Assessing soil water balance to optimize irrigation schedules of flood-irrigated maize fields with different cultivation histories in the arid region

Abstract

Water availability is the most critical restriction for sustainable crop plantation in the arid region; consequently, it is essential to quantify the soil water balance and optimize the irrigation schedules in the farmland. However, the effects of cultivation history on crop field water balance and optimized irrigation design were rarely studied. In this study, three typical maize (Zea mays L.) fields with different cultivation histories (i.e., old oasis maize field, OF; new maize field developed from a wetland, NFW; new maize field developed from the desert, NFD) in arid regions of Northwest China were selected, which had major differences in soil textures and GWLs. Based on one growth season (i.e., from April 30th to September 30th) in situ field monitoring (e.g., soil water content, maize growth index, meteorological data) and numerical model (HYDRUS-1D) simulation, the water balance and root water uptake deficit in these fields were quantified, and optimized irrigation schedules were proposed.
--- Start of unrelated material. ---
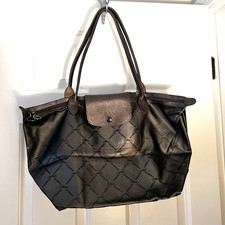 LONGCHAMP GUN METAL MODELE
During the maize growth period under the current irrigation schedule, the highest percolation was observed in OF (364 mm), followed by NFD (231 mm) and NFW (−52 mm). The soil water in NFW was obviously recharged by the capillary rise from groundwater, while the OF and NFD were not. Also, the most severe water deficit was identified in NFD, followed by NFW and OF. Compared with the current irrigation schedule, the irrigation was reduced by 65%, 45%, and 13% under the optimized irrigation amount in NFW, OF, and NFD, respectively. Furthermore, it was reduced by 84%, 61%, and 23% under both irrigation time and amount optimized in NFW, OF, and NFD, respectively. Under either optimized irrigation, the water deficit was relieved, deep percolation was reduced during the maize growth period, and less soil water was stored after maize was harvested. Especially under irrigation time and amount optimizing, the least irrigation times (4) and amount (90 mm) were applied in NFW among three fields, ascribing to a large amount of water recharge from shallow groundwater by capillary rise. Due to the soil texture differences, fewer irrigation times (6) with considerable single irrigation amount (30–70 mm) was recommended for OF with loamy soil, whereas more irrigation times (12) with less single irrigation (25–50 mm) were appropriated for NFD with sandy soil. It concluded that the effects of soil texture and GWL should be well considered for optimizing irrigation schedules.